“Lalu pada bulan Februari muncul lagi pernyataan bahwa masyarakat meminta pengalihan trase jalan tol ke lokasi lain karena dikhawatirkan akan melalui perkampungan padat penduduk, situs budaya dan lain sebagainya,” katanya.
Atas terjadinya tarik ulur yang cukup panjang, rumit dan melelahkan itu, usai berdiskusi dengan Jakarta, Pemprov Sumbat akhirnya memutuskan agar pembangunan jalan tol di stage satu di skip atau ditinggalkan sementara.Namun pengerjaan stage dua dan tiga tetap berjalan.
Berkaitan dengan opsi pengalihan trase yang disampaikan sejak awal oleh masyarakat terdampak yang mengatasnamakan Format Limapuluh Kota, menurut Era Sukma opsi pengalihan cukup sulit untuk diwujudkan.
“Rencana trase yang ada sekarang itu adalah trase yang paling alternatif secara teknis, Namun persoalannya, sampai saat ini kita belum mengetahui daerah mana saja yang akan dilewati tol.
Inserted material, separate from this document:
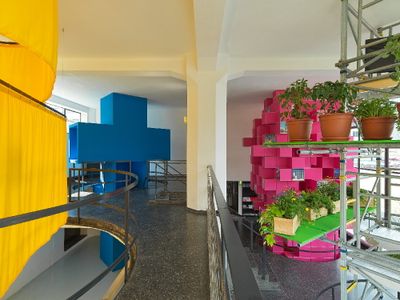 Through each of the four openings of the former brewing kettles a tower rises, which takes up a theme of the working methodology of MVRDV, 2019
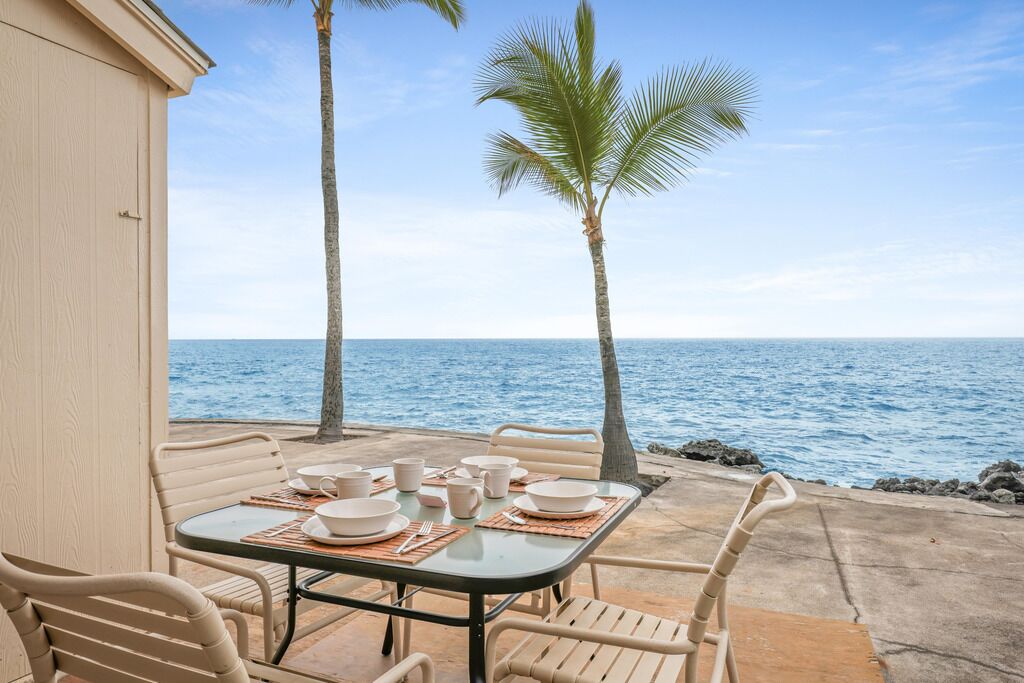 Une table dressée pour le dîner, avec vue sur l’océan, les palmiers et un bâtiment en arrière-plan.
Selama ini kita masih belum bisa masuk, mengukur saja tidak bisa. Sementara masyarakat terus bertanya-tanya,” jelas dia.
Ia mengungkapkan, pihaknya telah meminta agar Bupati Limapuluh Kota segera memanggil pihak KAN. Minimal pihak KAN bisa meminta agar masyarakat menerima dulu proses sosialisasi yang akan dilakukan oleh JICA dan kontraktor.
“Jika sosialisasi telah dilakukan, masyarakat terdampak masih berhak untuk melakukan penolakan setelah dilakukan pengukuran. Namun berdasarkan undang-undang akan ada ganti rugi yang dititipkan ke pengadilan atau Konsinyasi,” ucapnya menjelaskan.